Auch eine Weihnachtsgeschichte

Wort zum Montag, dem 23. Dezember 2019

VON CORNELIA SENG

“Eigentlich war Jesus der erste Sozialdemokrat”, sagt mein Frisör und lacht in den Spiegel. Mit Kirche und Glauben hat er nicht viel am Hut. Jetzt hat ihn ein Muslim zum Nachdenken gebracht. 

Sein Auto musste in die Werkstatt. Der KfZ-Meister, ein Muslim, hat ihm seinen Glauben so erklärt: “In jedem Betrieb muss es einen Chef geben. Der sagt, was gemacht werden muss. Wie der Laden laufen soll. – So ist es auch mit der Welt. Es muss einen Chef geben, der anordnet, was gemacht werden soll. Wie in jedem Betrieb.” Mein Frisör ist selber Chef in seinem kleinen Betrieb. Der Vergleich leuchtet ihm ein.

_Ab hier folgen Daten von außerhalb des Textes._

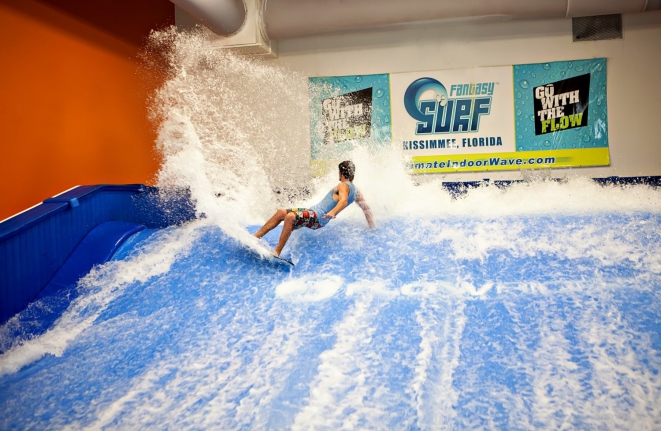 FlowRider – аттракцион для серфинга от компании WhiteWater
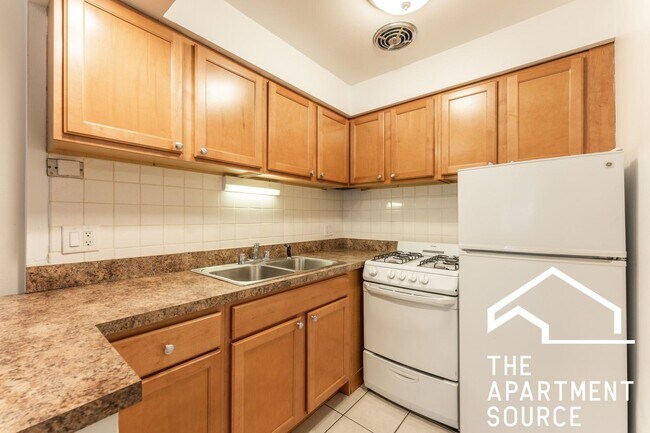 Photo - 540 West Roscoe Street #172 Apartment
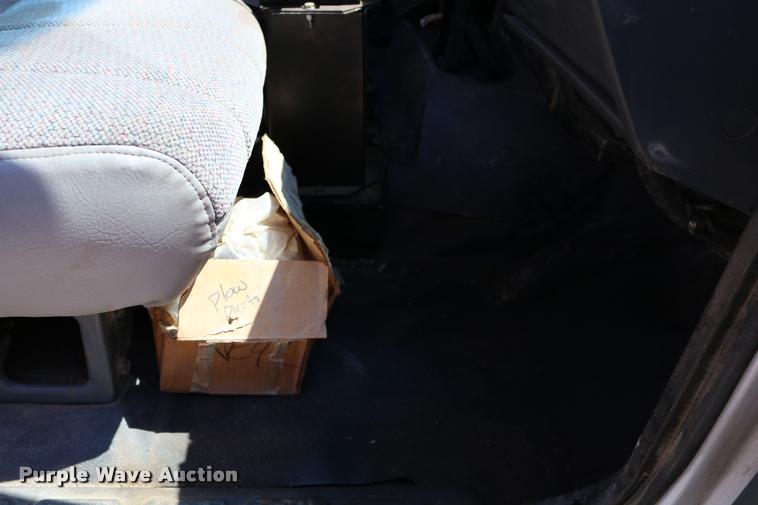 image for item DD0227 1999 Chevrolet C6500 dump truck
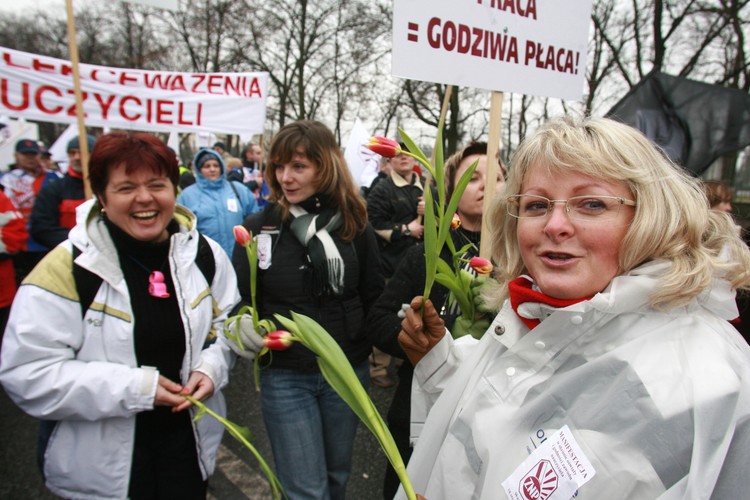 Kilkanaście tysięcy nauczycieli z całej Polski protestuje w Warszawie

Mein Frisör weiß, dass ich christlich unterwegs bin. Was glauben Christen? Christen feiern in diesen Tagen Weihnachten. Weihnachten bedeutet, dass der Chef selber ein Mensch, ein einfacher Mitarbeiter im Betrieb geworden ist, antworte ich ihm. 

Er ist ein einfacher Arbeiter geworden, einer der fröhlich und leidenschaftlich seinen Job macht. Einer, der auf seine Kumpel achtet und hilft, wenn einer nicht klar kommt. Der anderen zeigt, wie der Job geht. Der auf Gerechtigkeit und ein gutes Betriebsklima achtet. Einer, der anderen Mut macht: “Du kannst das! Hier wird jeder gebraucht.”

Aus dem Kind in der Krippe ist der Rabbi Jesus geworden, der einfach gelebt hat. Er hat sich unter die Menschen gemischt, hat geheilt und gelehrt. 

An Jesus habe ich verstanden, wie Gott sich das Leben auf dieser Erde gedacht hat. Im Miteinander, in gegenseitigem Respekt, in freundlicher Wertschätzung, in Barmherzigkeit und Nächstenliebe.

Jesus leitet uns an, das Leben in Freiheit und Gerechtigkeit zu gestalten. Und in einfacher Freude am Dasein, im Vertrauen darauf, dass Gott es gut meint mit uns. Daraus lässt Gott sein Reich wachsen. Jesus inspiriert und begeistert. Er lädt ein zur Versöhnung. Er macht Frieden. Kein Chef von oben. Stattdessen ein Bruder, ein Freund. Macht ist nicht Gottes Sache. Aber Liebe. “Gott kann nur Liebe”, sagt Frère Roger.

Das ist ein wesentlicher Unterschied zum Islam: Wir sind keine Befehlsempfänger, wir sind Geschwister und Freunde. Wir sind eigenständige, geschätzte Mitarbeiter und Mitarbeiterinnen. Allen frohe Weihnachten!

“Und das Wort ward Fleisch und wohnte unter uns, und wir sahen seine Herrlichkeit, voller Gnade und Wahrheit.” (Joh. 1, 14)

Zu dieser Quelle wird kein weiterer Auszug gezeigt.